I can remember when Virtual Reality was in its infancy. I had tons of video games at home but going to the mall to play the new VR game was just too new and cool to resist. Augmented Reality revolutionizing the label industry: if you haven’t seen wine labels that come to life, it’s time to get out from under your rock.
And 3D, well if you don’t see the 3D trend, then it’s time to get out from under your boulder! Since I’ve spent my career in the visual communications space, I’ll share what I’ve seen from the emergence of 3D in this sector.
How 3D Printing Fits In
Massivit 3D printing solutions are the world’s first large-format 3D systems geared for the visual/graphic communications market. And while this equipment is used to manufacture products, there is another element to this technology. And that element is strategic sales and marketing.
Our customers (Print Service Providers) are using their Massivit 3D printers to win traditional wide format 2D printing jobs (strategic selling) as well as to open new doors to bring in new customers (strategic marketing). How exactly does this work? It’s called the ‘wow factor’.
The Winning Strategy Of The ‘Wow Factor’
Using the sales example we’ve just mentioned, adding a unique element to an ordinary project can transform the project from ordinary to extraordinary. Why is this strategic? Since the technology is new (only early adopters and visionaries have this equipment; not the mass market) the ‘wow objects’ cannot be created by your other ten competitors fighting you for the same project. You now have a unique solution and thus a viable and differentiated value proposition.
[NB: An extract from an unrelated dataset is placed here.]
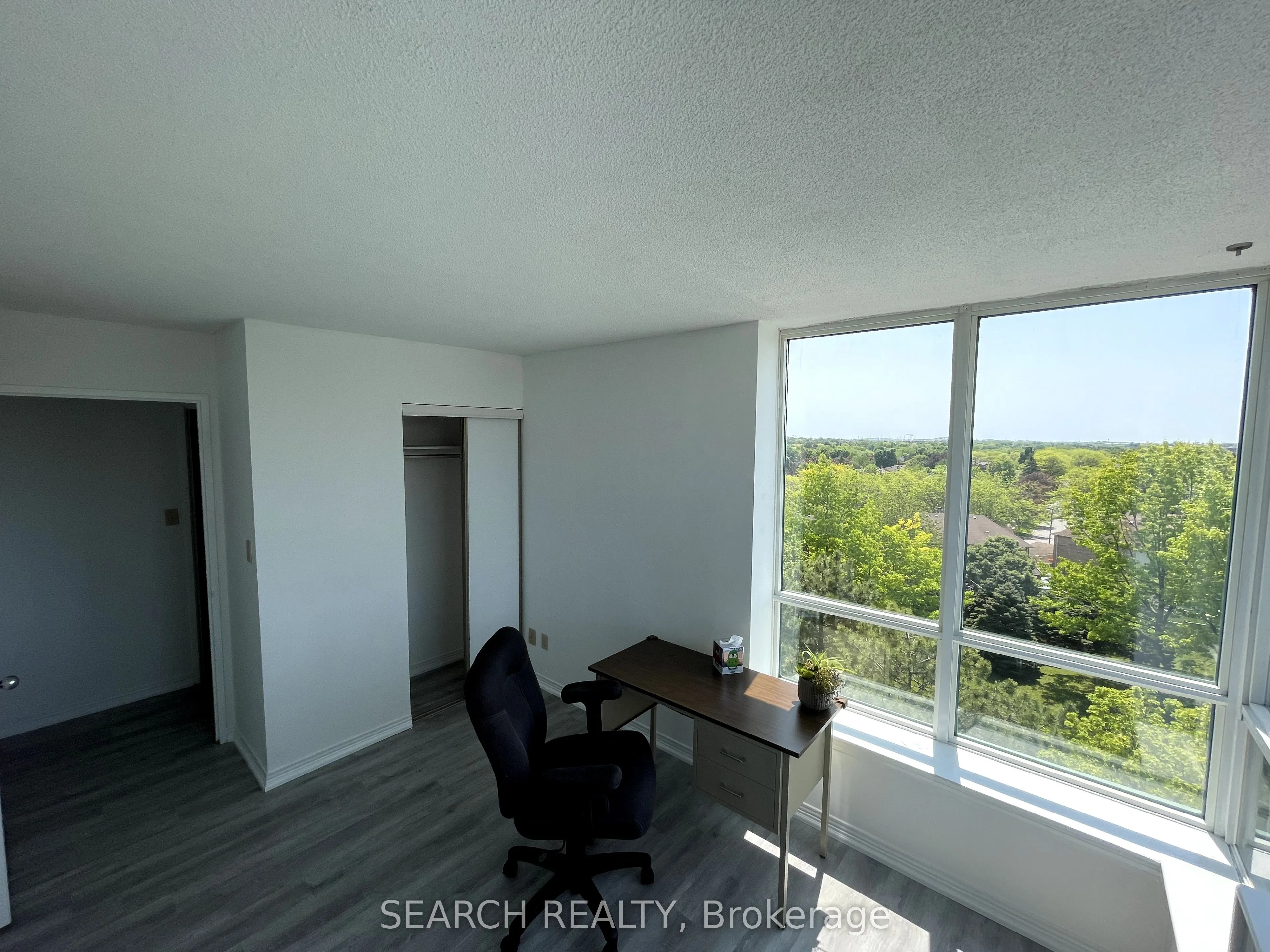 711 Rossland Road E, #505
Shifting to a marketing example, nothing opens new doors like the ‘latest’, ‘greatest’, ‘newest’, ‘coolest’, ‘the only one’, etc. Using another example from the graphics industry, many printers struggle to get in front of new clients. Which opening pitch do you think is more likely to get you a meeting: “Hi Susan, this is Sam at Monster Print Factory International. We can print on anything and everything… Our specialty is banners, nobody can beat our banners… When can we meet to discuss?” Versus, “Hi Susan, this is Sam at Monster Print Factory International. We just installed our new 3D printer. It’s unlike anything you’ve ever seen or heard of, it’s massive. In fact, it’s the only 3D printer created for outdoor advertising. We can literally create anything you can imagine, and we are the first company in Arizona with one. When can we meet to discuss?”
The difference is obvious. In terms of winning new customers, I’ve seen companies with a Massivit 3D printer realize their ROI on just this alone. They didn’t even need to sell a 3D object!
Leverage IRS Rule 179
So, don’t get pigeonholed thinking that IRS Rule 179 is only for assets such as production equipment. If you need production equipment, that’s great. But if you’d rather have a top line boost, consider equipment that will enhance your sales and marketing efforts.
As a bonus, it may even help with employee retention too.
Be sure to consult with your legal/tax advisor to make sure your purchases qualify for IRS Rule 179.